» MATERIAL TO PROCESS:
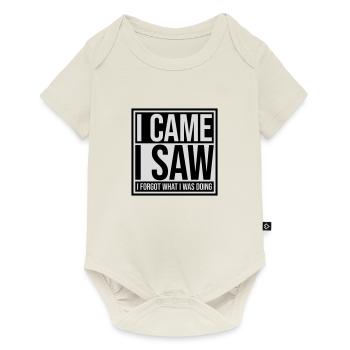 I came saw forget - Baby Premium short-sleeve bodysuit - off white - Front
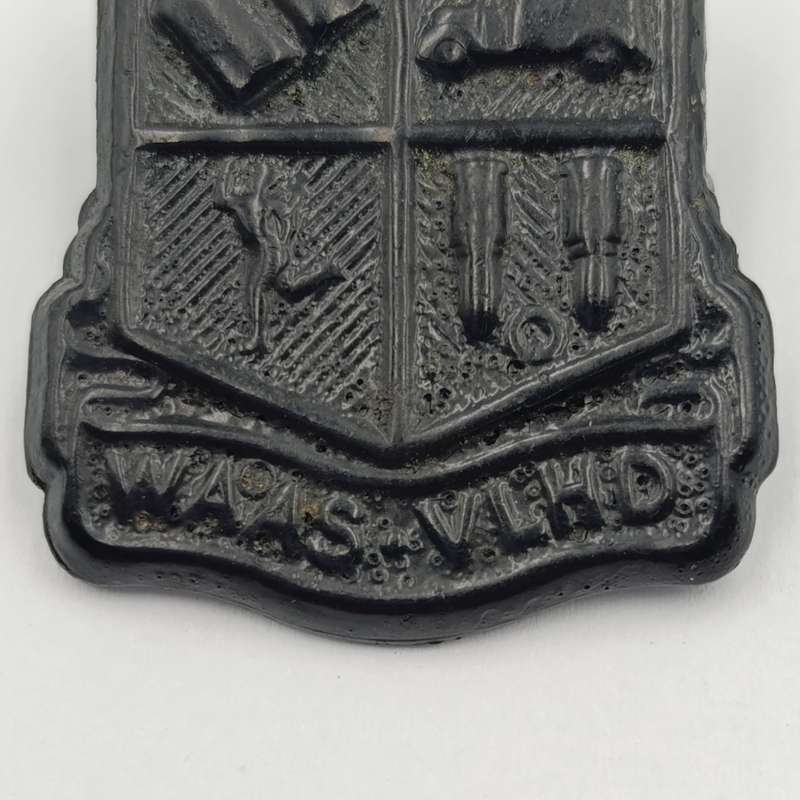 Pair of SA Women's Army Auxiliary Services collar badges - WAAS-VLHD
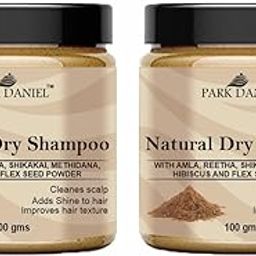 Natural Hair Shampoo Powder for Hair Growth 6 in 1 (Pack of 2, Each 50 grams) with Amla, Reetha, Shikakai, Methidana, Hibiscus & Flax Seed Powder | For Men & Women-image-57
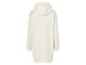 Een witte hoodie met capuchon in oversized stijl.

==

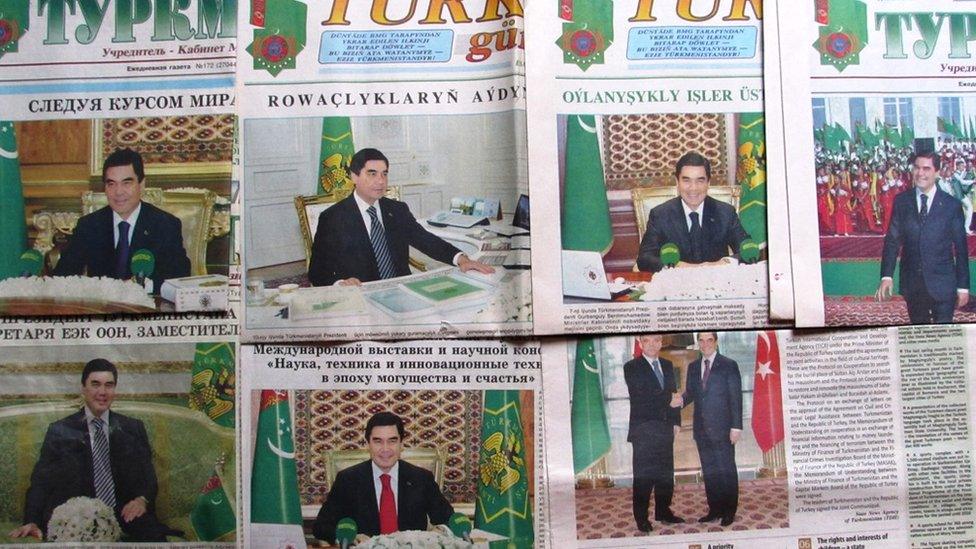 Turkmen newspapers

» TASK INSTRUCTIONS: Print from the line containing "Natural Hair Shampoo" through the line containing "Een witte hoodie" in the data above, exactly as the lines stand, and omit every picture.

» RESPONSE TO THIS TASK:
 Natural Hair Shampoo Powder for Hair Growth 6 in 1 (Pack of 2, Each 50 grams) with Amla, Reetha, Shikakai, Methidana, Hibiscus & Flax Seed Powder | For Men & Women-image-57
 Een witte hoodie met capuchon in oversized stijl.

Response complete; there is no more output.